These days have been so busy (and rather stressful) with singing behind-the-scenes work, blogging, and other life-events. Of course, the nasty weather hasn’t contributed positively at all (quite the reverse, in fact) and neither have my roller-coaster moods…
I have always struggled inwardly with pride; but this boiling pot has grown so full that it’s beginning to show more than it ever has. I’m growing older, coming up with my own thoughts and ideas; and of course, I think those assessments and ambitions simply the cat’s pajamas… or, if I don’t, I certainly don’t want to show anyone else I don’t think so. A result of this is yet another struggle– listening. Trying to hear what people have to say, while my mind is constantly pulling itself apart with vile thoughts, like “They have nothing good to add. Why even listen? You’re waaaay better than them!” Typically (sadly) those thought overcome any small desire I have to consider for a second what a person is trying to communicate to me; and if what I did hear pricks my conscience, I burst out yelling and screaming, or spewing spiteful words just to put in my grimy two cents… It is all a result of pride, and thinking that my way is the best way. But you know what? It isn’t.
God’s way is best. I’ll say it again and again, and I know I accept it in my heart, but it is so hard conforming my thoughts to His thoughts and my will to His will (Ps. 5:8). I know He is testing me, and that I will (in His good time) come out right in the end (Ps. 40: 2). I will learn self-control and humility. He never forsakes those who are His, and is ever present to forgive and pick us back up when we stumble.
I don’t normally share my heart in this way on the blog, but for some reason I felt I needed to this time. This is a sin that I continually struggle with, and one that I need help and prayers in. God will lead me through it, and I will come out better on the other side. I will never doubt that fact.

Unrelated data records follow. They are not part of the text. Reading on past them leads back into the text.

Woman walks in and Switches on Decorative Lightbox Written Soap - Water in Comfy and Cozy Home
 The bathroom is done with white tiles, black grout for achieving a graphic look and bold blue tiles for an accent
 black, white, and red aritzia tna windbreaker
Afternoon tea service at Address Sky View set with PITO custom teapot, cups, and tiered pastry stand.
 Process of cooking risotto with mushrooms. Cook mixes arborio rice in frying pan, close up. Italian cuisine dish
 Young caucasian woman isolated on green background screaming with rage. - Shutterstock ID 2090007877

The top I’m wearing I actually purchased on clearance from an Old Navy up in MI on our family business trip back in July. Let me put it simply: I Adore It. It’s, like, the perfect top! Horizontal stripes, off-the-shoulder seams, 3/4 length sleeves, lightweight; everything that I’ve wanted in a shirt! I only wish I could’ve gotten a few more in different colors and prints ($4 ea. you guys!), but my money was already spent elsewhere… *sigh*
My necklace I got using part of the Hoot Loot from our Origami Owl party, and I am sooo happy with it! The charms are perfect (did you spot the sweet camera??), and I don’t at all regret getting the locket in gold! For some reason, silver seems to be the most practical of metals as far as jewelry goes, but I wanted to shake things up a bit and get a necklace that I could pair with my small collection of gold earrings. My decision was only strengthened by the fact that it was actually plated in the genuine material. Score!